OTOH, survivors of long term abuse can tend to stay in bad relationships way past the expiration date, trying to save something unworkable, still driven by the fact that when they were a child they had no choice but to MAKE the relationship with their caregivers' work.
So there are a number of skills involved in ruptures. One is to learn to endure them and the pain they bring and learn to heal them. The other is to discern whether the other person is actually acting in good faith to repair them.
I had a lot of ruptures with my T. If he thought he messed up, he was very quick to take responsibility and apologize. If he didn't feel like he did anything wrong (which happened, as sometimes I would get angry about things when he didn't do anything wrong), he would not apologize, but in either case, he would remain non-defensive and very willing to hear all of my feelings. He would work to normalize my feelings even when he didn't feel he had done anything wrong. So what told me I mattered wasn't that he never blew it, or never hurt me, it was that when I was hurt, I was attended to and listened to.
I want to give you two examples of ruptures, one in which he actually messed up, and another in which he didn't to illustrate what I'm saying.
OK, first rupture (and probably our worst). I emailed him and waited three days for a response, getting increasingly agitated. We didn't have a really good track record with email (for a variety of reasons on both sides) but in this particular case, I was pretty angry. I made an emergency call and when he called back, I asked if he had read my email. He said (wait for it) that he couldn't remember. I was so angry and hurt I could hardly breathe. He was being all reassuring and don't worry we can work through this (I usually react very insecurely rather than with anger). I literally just said very vehemently "we'll talk about it on Thursday" (my next appt) and literally hung the phone up without saying goodbye.
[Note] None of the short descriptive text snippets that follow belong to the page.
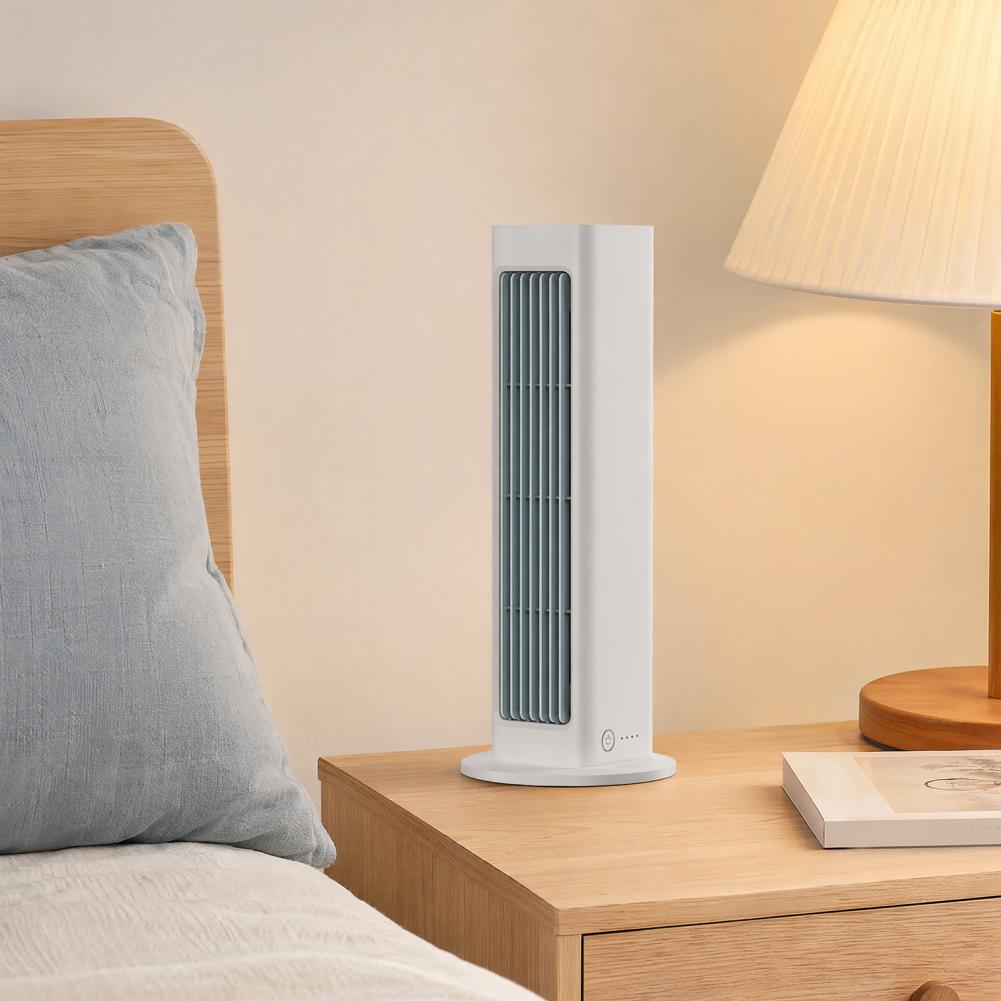 Portable Air Conditioner Fan 4 - Mini Wind Turbine Vertical recension och pris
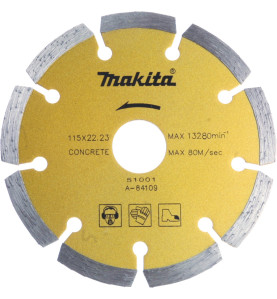 Vente de D.diamant 150x22,2 univ. acc.makita, numéro 22310 / makita-accessoires_B-06432 à 41,66 €HT soit 49,99 €TTC. 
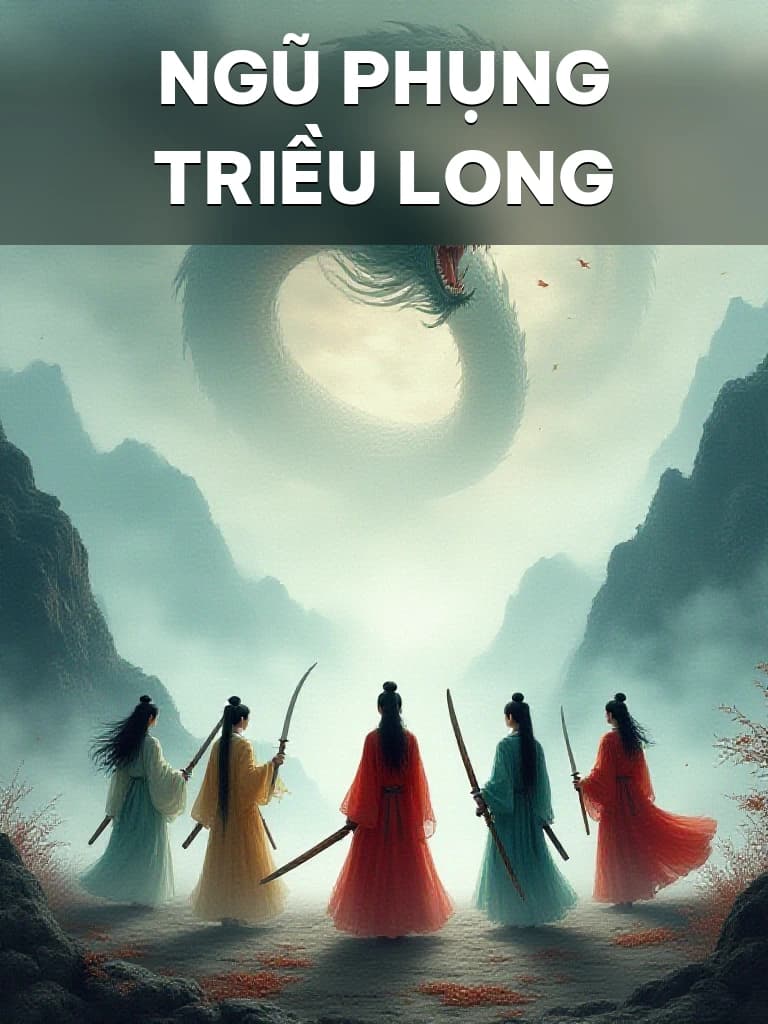 Ngũ Phụng Triều Long - Cover image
Then I had my meltdown.
I freaked, totally convinced that I didn't matter, the relationship wasn't real, that there was something wrong with me that people couldn't connect with me. So I made another emergency phone call. My T called back and was wonderful. He apologized for not remembering, that he had really messed up and that he understood why this failure had evoked such an intense reaction because of failures in past relationships. That when he was younger, he would have hedged more, but he knew how important it was that he tell me the truth so that I could trust him. He also reassured me that the relationship was real and the only thing missing was what I had not been given. At my next session, we talked through the whole thing again and he again apologized.
Rupture #2 was about having a regular appointment. I never had a regular appointment with my T (I had with my first T) and it was driving me nuts. I hit a two week break once because he was taking time off and felt he couldn't schedule me the same week we had a couples' appt because he didn't have enough openings. It was a really miserable two weeks. So at my next session, I walked in, sat down and told him it had been a really miserable two weeks, that I was tired of not having a regular appt. That I wanted a regular appointment but I would settle for just knowing I could get in weekly.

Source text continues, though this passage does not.